* [Required work]: Exact copy, no pictures: set down the lines from the one holding "Candid woman smiling at camera at home" through the final line of the records below.
·····
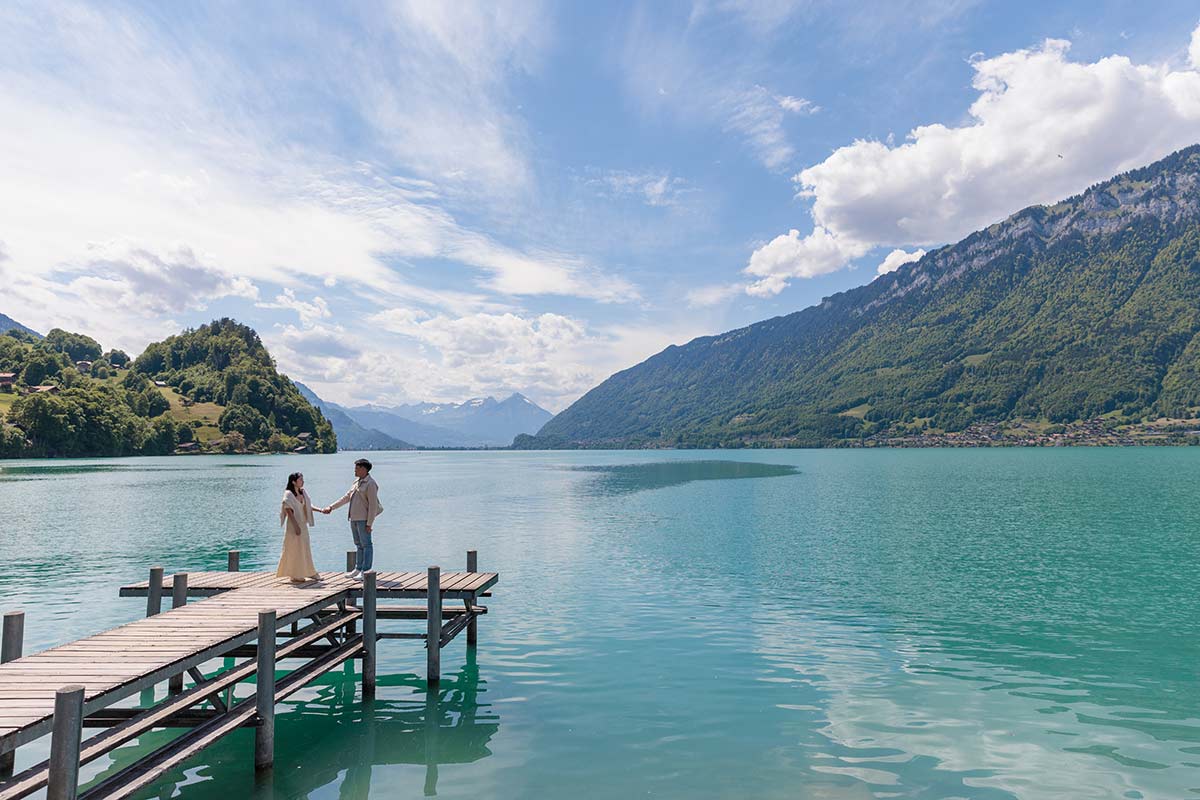 A couple stands on a wooden dock over a turquoise lake, surrounded by mountains and a cloudy blue sky
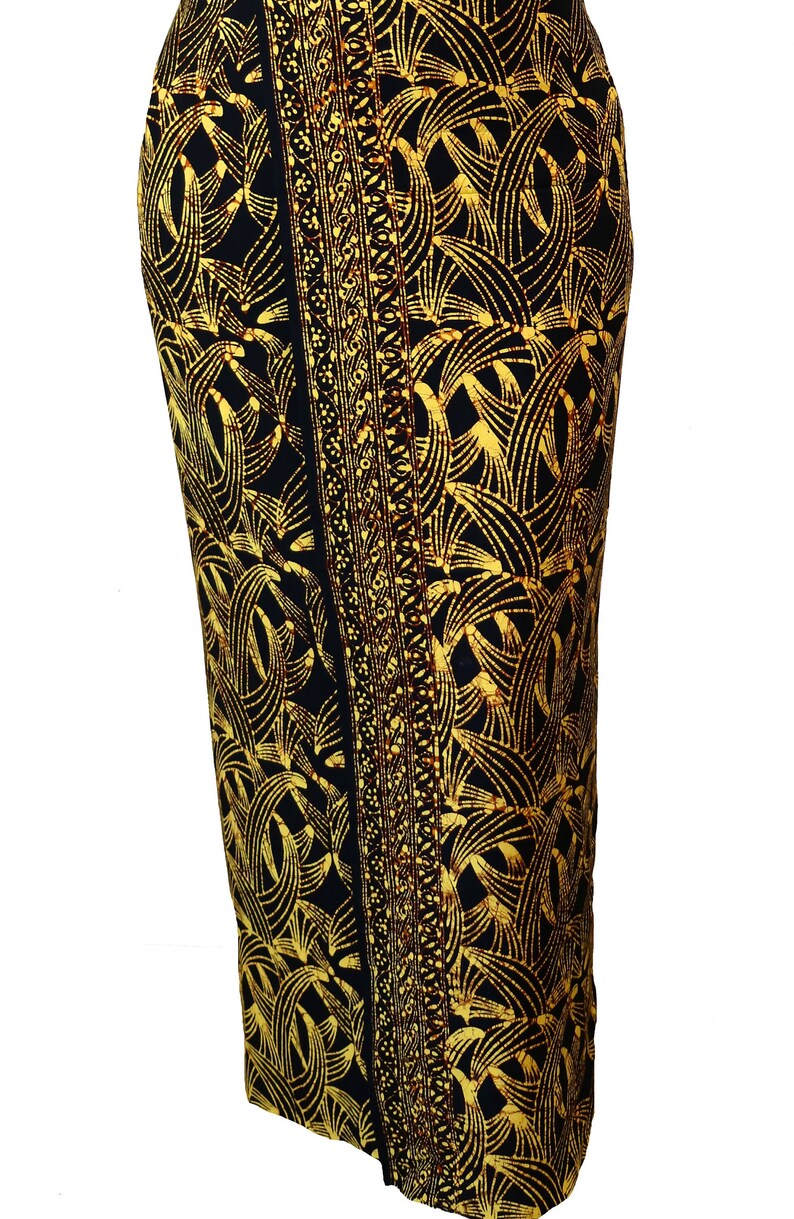 Black sarong in a golden yellow swirling pattern with a hint of brown crackly batik. Shown as a straight skirt with the border pattern draping down the front.
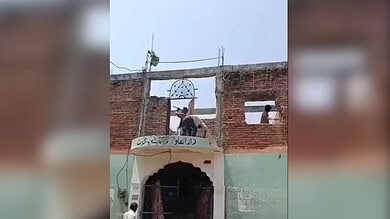 The image displays the demolition of madarsa in Madhya Pradesh. April 13, 2025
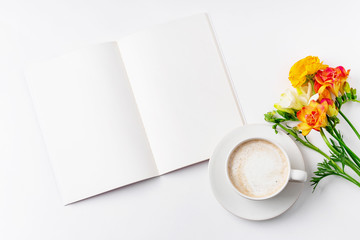 Flatlay with freesia flowers, capuccino cup and opened notebook on white background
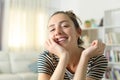 Candid woman smiling at camera at home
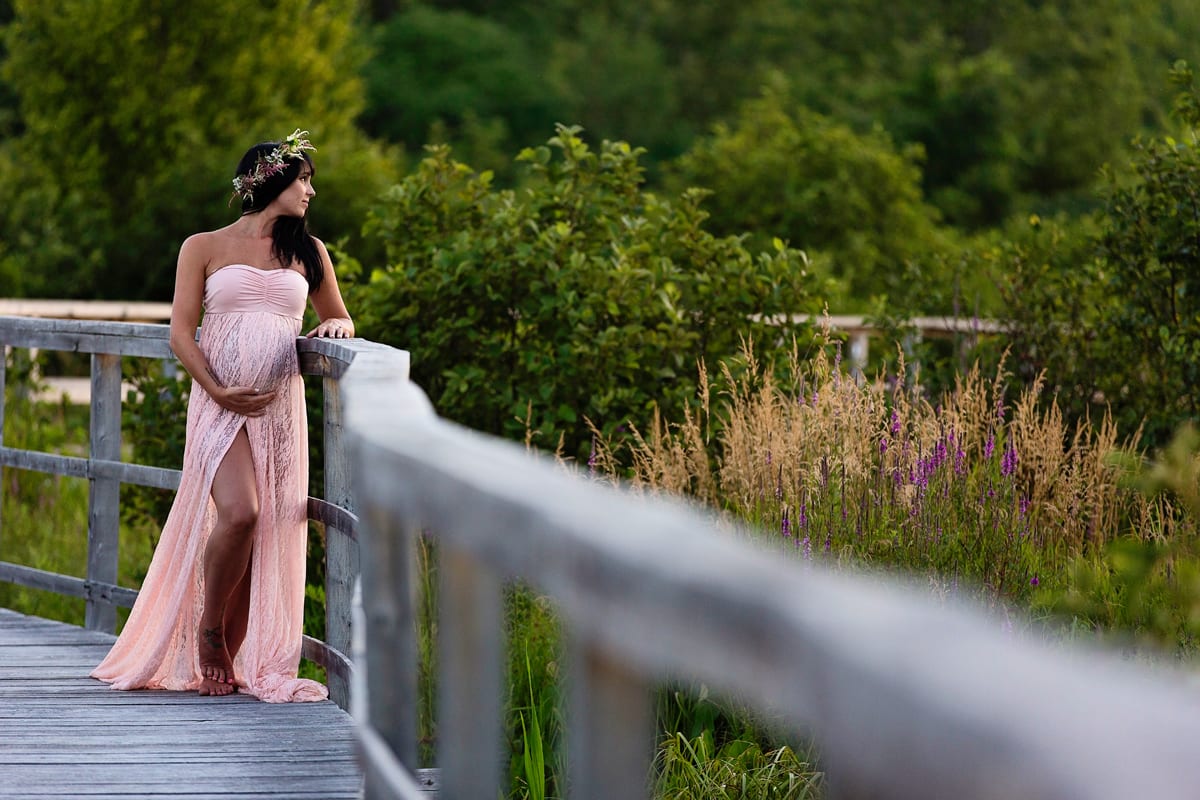 Expectant mom in blush dress on wooden boardwalk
·····
* [Answer for the task]:
 Candid woman smiling at camera at home
 Expectant mom in blush dress on wooden boardwalk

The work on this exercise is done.